■ What to work on ■
It would help if you retyped the data exactly, leaving out the pictures.

── Given information

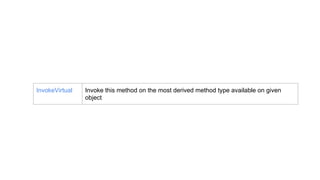 InvokeVirtual Invoke this method on the most derived method type available on given
object
 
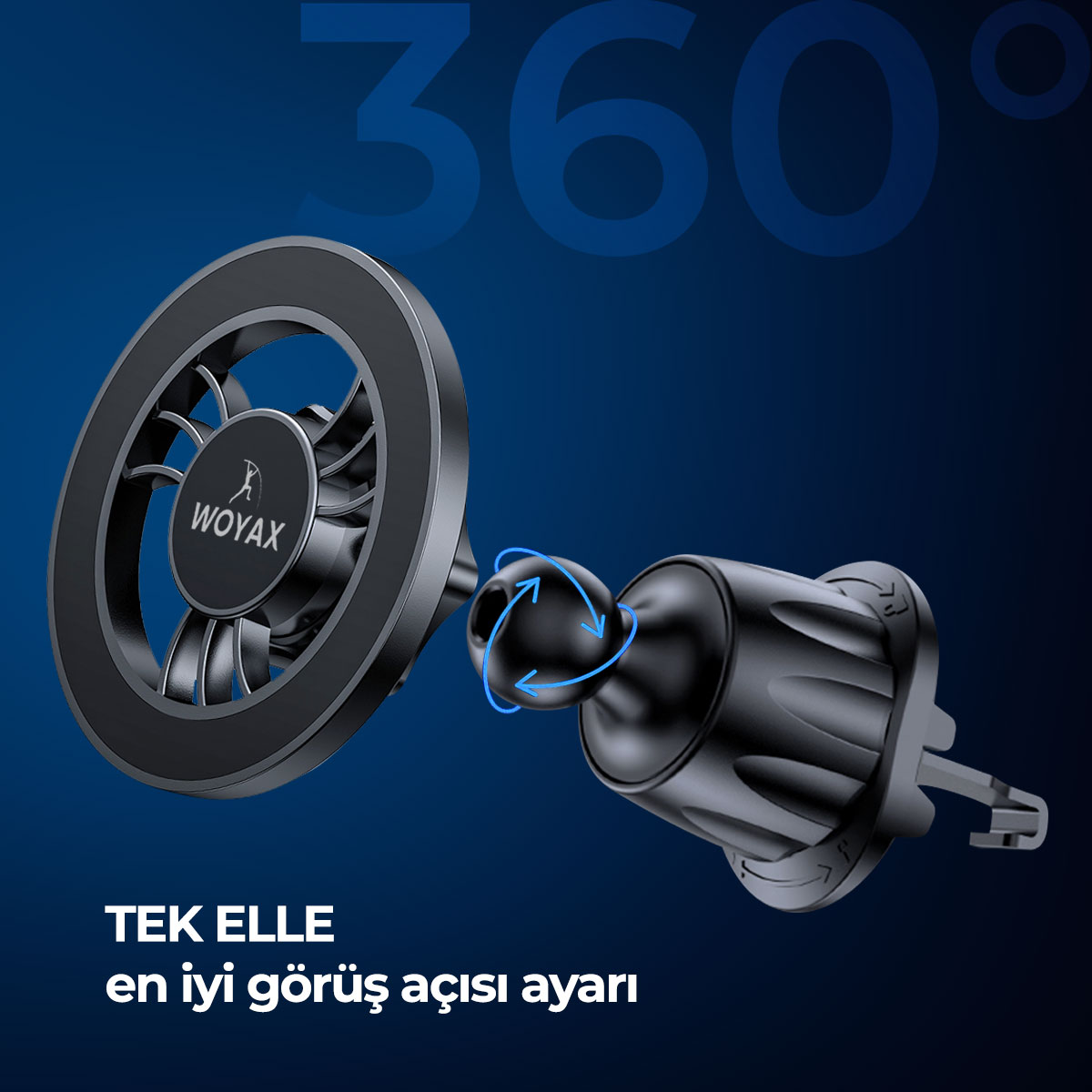 Havalandırma klipsli ve 360 derece dönebilen bilyeli eklemli siyah Woyax araç telefon tutucusu.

────

■ The completed task ■
 InvokeVirtual Invoke this method on the most derived method type available on given
object
 
 Havalandırma klipsli ve 360 derece dönebilen bilyeli eklemli siyah Woyax araç telefon tutucusu.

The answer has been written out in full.